One of the most common types of a task is a downsampling task. A downsampling task is used to convert high resolution data into lower resolution aggregates. Downsampling tasks are a critical part of effective time series database management because they allow you to:

Minimize your overall disk usage by only retaining high resolution data for short periods of time
Enable you capture trends of your historical data

A task is a Flux script that is executed on a schedule. You can perform a lot of other functions with a task. You can either use the InfluxDB UI, InfluxDB v2 API, or CLI, or VS Code to create a task to perform this downsampling on a schedule.

Create a downsampling task in the InfluxDB UI

There are two ways to create a downsampling task in the InfluxDB UI:

From the Data Explorer
From the Tasks page

In this section we’ll cover the first method, as I believe it offers the most natural workflow. Use the Data Explorer to experiment with different materialized views of your data.

data explorer

In the screenshot above we’re querying CPU data, and applying the aggregateWindow() function to calculate the mean every minute. We’re also transforming the data with the toInt() function.

save query as task

Once you are satisfied with the aggregation or flux transformation that you want to apply, select the Save button. Save the query as a task by selecting the Task tab in the Save As **window. Name your task and specify the **Every option of your task. This will specify how frequently you want to run your task. Also include an Offset to avoid any read and write conflict. The offset configuration option delays the execution of the task but queries the data based on every option. Take a look at the docs for a full list of task configuration options.

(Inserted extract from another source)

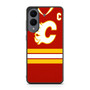 Calgary Flames 2 Samsung Galaxy S25 Edge Case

Create a downsampling task with the InfluxDB v2 API

To create a downsampling task with the InfluxDB v2 API you must submit a POST request to the /api/v2/tasks endpoint. Include your token, orgID, the Flux for your task, and the status of your task. An active task will execute on the task every interval. Since the body of the request is JSON, make sure to escape any double quotes in your Flux.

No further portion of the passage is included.